Speaker
Description
The Compact Muon Solenoid (CMS) experiment is one of four large experiments at the Large Hadron Collider (LHC) and significant upgrades are planned for all experiments and the accelerator facilities to get ready for the High Luminosity era (HL-LHC). As HL-LHC aims to significantly increase the collision rates, thus providing more data for particle physics experiments, upgrades to handle the increased data rates and radiation levels are needed.

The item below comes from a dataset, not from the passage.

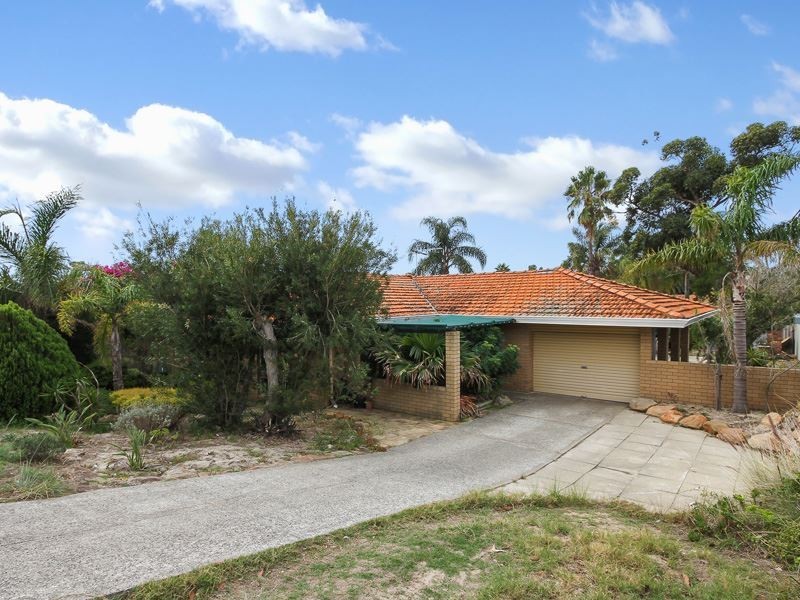 64 McCombe Avenue, Samson WA 6163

One solution is the introduction of a new detector sub-system in CMS that would work as a timing layer with a time resolution on the order of tens of picoseconds, the MIP Timing Detector (MTD where MIP stands for Minimum Ionizing Particle). It will consist of a barrel timing layer (BTL) situated between the outer tracker and the electromagnetic calorimeter and endcap timing layer (ETL) situated just in front of the high granularity calorimeter.

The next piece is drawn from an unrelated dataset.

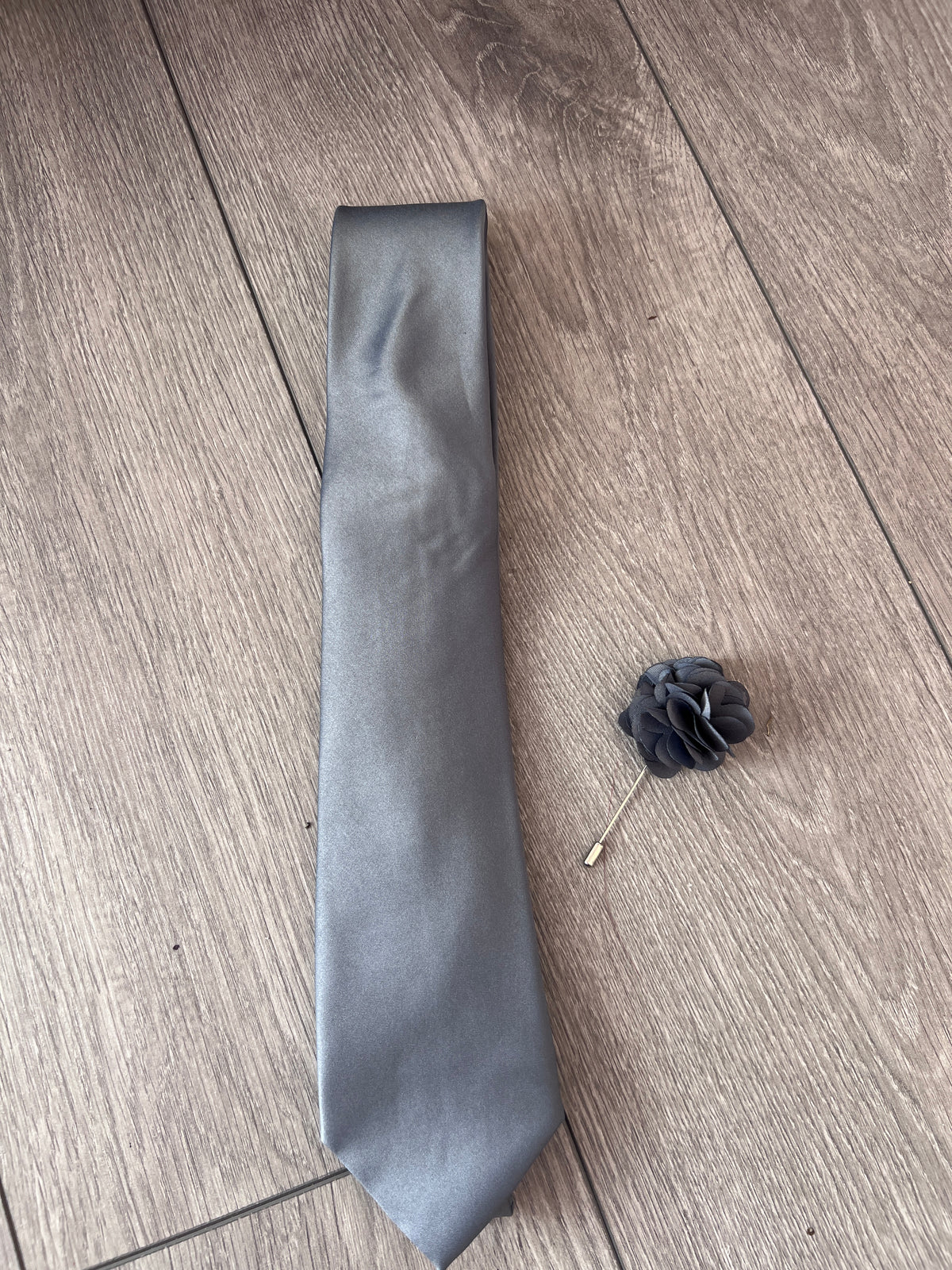 Slate Men’s Classic Tie &amp; Pin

As the control of MTD should be compatible with all detector systems at CMS, the MTD will be controlled and monitored using detector control system (DCS), designed using centrally approved tools: WINCC OA, JCOP framework and CMS-made components. The primary purpose of a DCS is to ensure the safe and efficient operation of the detector, monitor and collect data on its performance, and respond to any issues that may arise during operation.
This contribution will outline the development of the DCS for the MTD sub-system at CMS, with a particular focus on the current single-tray prototype system implemented for the BTL test-bench at the Tracker Integration Facility (TIF) at CERN. Additionally, the detector safety system (DSS) and the associated hardware interlock system will be discussed. Finally, the early design on the final DCS, including the design of the Final State Machine (FSM) and the hardware components will be discussed.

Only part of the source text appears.